- [WHAT IS REQUIRED] Nothing in the listing below should be skipped, so transcribe it all exactly.

- [DATA FOR THE TASK]
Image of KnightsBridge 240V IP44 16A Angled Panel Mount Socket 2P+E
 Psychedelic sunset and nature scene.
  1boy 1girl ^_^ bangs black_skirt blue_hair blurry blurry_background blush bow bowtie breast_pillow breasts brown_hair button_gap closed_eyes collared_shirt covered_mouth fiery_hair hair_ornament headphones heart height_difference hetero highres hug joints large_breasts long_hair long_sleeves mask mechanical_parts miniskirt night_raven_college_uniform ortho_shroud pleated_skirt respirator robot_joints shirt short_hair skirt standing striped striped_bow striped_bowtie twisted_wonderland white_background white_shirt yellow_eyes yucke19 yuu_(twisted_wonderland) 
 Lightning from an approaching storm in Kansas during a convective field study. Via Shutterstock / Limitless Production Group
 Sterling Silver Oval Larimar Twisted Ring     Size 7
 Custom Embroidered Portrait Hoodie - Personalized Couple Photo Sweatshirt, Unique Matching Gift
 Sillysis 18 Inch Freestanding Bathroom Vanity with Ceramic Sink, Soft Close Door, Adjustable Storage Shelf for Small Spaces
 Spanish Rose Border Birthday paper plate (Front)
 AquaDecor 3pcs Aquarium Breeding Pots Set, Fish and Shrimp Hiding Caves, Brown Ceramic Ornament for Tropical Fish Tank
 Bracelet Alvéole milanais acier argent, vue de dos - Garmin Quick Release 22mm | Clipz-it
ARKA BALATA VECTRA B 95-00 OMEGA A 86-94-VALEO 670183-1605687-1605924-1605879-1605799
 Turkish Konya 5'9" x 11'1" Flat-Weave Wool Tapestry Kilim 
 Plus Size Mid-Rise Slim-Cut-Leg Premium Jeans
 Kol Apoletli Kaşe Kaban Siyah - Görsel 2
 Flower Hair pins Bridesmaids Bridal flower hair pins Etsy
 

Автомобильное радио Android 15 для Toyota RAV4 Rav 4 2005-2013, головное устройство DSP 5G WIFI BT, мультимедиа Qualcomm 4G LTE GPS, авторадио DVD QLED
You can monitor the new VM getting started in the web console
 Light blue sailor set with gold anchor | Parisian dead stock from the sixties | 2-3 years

- [RESULT OF THIS TASK]
Image of KnightsBridge 240V IP44 16A Angled Panel Mount Socket 2P+E
 Psychedelic sunset and nature scene.
  1boy 1girl ^_^ bangs black_skirt blue_hair blurry blurry_background blush bow bowtie breast_pillow breasts brown_hair button_gap closed_eyes collared_shirt covered_mouth fiery_hair hair_ornament headphones heart height_difference hetero highres hug joints large_breasts long_hair long_sleeves mask mechanical_parts miniskirt night_raven_college_uniform ortho_shroud pleated_skirt respirator robot_joints shirt short_hair skirt standing striped striped_bow striped_bowtie twisted_wonderland white_background white_shirt yellow_eyes yucke19 yuu_(twisted_wonderland) 
 Lightning from an approaching storm in Kansas during a convective field study. Via Shutterstock / Limitless Production Group
 Sterling Silver Oval Larimar Twisted Ring     Size 7
 Custom Embroidered Portrait Hoodie - Personalized Couple Photo Sweatshirt, Unique Matching Gift
 Sillysis 18 Inch Freestanding Bathroom Vanity with Ceramic Sink, Soft Close Door, Adjustable Storage Shelf for Small Spaces
 Spanish Rose Border Birthday paper plate (Front)
 AquaDecor 3pcs Aquarium Breeding Pots Set, Fish and Shrimp Hiding Caves, Brown Ceramic Ornament for Tropical Fish Tank
 Bracelet Alvéole milanais acier argent, vue de dos - Garmin Quick Release 22mm | Clipz-it
ARKA BALATA VECTRA B 95-00 OMEGA A 86-94-VALEO 670183-1605687-1605924-1605879-1605799
 Turkish Konya 5'9" x 11'1" Flat-Weave Wool Tapestry Kilim 
 Plus Size Mid-Rise Slim-Cut-Leg Premium Jeans
 Kol Apoletli Kaşe Kaban Siyah - Görsel 2
 Flower Hair pins Bridesmaids Bridal flower hair pins Etsy
 

Автомобильное радио Android 15 для Toyota RAV4 Rav 4 2005-2013, головное устройство DSP 5G WIFI BT, мультимедиа Qualcomm 4G LTE GPS, авторадио DVD QLED
You can monitor the new VM getting started in the web console
 Light blue sailor set with gold anchor | Parisian dead stock from the sixties | 2-3 years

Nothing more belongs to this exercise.